Task item:
Your task is to transcribe, without alteration, the lines from the top of the material below through the line bearing "Colorado Avalanche Layered", inclusive.

The records:
- - - - - - -
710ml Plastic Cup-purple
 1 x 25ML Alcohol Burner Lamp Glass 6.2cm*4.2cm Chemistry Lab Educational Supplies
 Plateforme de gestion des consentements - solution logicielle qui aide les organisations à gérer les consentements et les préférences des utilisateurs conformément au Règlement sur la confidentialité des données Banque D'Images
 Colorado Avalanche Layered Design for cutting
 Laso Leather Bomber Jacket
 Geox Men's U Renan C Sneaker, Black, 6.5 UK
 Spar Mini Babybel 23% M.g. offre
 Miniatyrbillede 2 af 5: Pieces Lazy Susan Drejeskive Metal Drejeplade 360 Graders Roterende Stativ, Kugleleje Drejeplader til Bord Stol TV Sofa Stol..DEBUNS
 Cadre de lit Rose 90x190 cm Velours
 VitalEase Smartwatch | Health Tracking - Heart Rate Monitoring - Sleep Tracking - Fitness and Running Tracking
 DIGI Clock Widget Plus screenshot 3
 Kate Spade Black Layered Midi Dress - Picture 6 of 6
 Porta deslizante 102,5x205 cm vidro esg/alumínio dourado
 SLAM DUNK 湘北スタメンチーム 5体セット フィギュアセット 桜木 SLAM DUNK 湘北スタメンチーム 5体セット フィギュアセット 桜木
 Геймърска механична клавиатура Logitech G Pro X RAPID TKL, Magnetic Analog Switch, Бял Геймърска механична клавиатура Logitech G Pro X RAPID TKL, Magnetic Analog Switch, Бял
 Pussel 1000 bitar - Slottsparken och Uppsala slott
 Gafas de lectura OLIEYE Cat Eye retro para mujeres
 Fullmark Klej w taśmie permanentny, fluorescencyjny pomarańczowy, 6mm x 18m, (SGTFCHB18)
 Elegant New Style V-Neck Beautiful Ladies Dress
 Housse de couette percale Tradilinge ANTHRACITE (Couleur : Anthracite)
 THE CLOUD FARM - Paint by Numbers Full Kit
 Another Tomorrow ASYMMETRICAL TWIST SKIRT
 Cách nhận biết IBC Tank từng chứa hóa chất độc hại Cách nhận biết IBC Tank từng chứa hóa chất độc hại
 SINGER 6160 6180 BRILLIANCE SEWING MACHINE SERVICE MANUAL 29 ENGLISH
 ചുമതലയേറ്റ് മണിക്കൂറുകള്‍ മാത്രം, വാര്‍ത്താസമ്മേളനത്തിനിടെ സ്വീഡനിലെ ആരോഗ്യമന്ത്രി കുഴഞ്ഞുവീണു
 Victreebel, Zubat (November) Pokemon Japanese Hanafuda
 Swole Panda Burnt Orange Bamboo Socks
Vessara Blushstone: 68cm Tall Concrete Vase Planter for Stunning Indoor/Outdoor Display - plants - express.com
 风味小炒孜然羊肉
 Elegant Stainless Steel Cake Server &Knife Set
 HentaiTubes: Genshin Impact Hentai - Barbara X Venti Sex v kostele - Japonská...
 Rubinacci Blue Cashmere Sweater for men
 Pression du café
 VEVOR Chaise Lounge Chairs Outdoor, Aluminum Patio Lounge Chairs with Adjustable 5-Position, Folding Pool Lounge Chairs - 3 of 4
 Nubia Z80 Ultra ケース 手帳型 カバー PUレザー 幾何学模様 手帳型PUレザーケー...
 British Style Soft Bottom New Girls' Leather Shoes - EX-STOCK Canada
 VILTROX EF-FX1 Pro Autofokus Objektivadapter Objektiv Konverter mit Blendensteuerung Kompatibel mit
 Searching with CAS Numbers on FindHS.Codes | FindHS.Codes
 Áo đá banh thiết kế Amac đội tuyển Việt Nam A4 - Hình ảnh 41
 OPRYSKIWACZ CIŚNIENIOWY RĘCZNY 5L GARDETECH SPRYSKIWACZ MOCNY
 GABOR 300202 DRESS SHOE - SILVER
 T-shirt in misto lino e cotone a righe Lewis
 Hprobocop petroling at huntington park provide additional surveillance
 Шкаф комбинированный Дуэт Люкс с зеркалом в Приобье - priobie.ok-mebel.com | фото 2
- - - - - - -
Your response:
710ml Plastic Cup-purple
 1 x 25ML Alcohol Burner Lamp Glass 6.2cm*4.2cm Chemistry Lab Educational Supplies
 Plateforme de gestion des consentements - solution logicielle qui aide les organisations à gérer les consentements et les préférences des utilisateurs conformément au Règlement sur la confidentialité des données Banque D'Images
 Colorado Avalanche Layered Design for cutting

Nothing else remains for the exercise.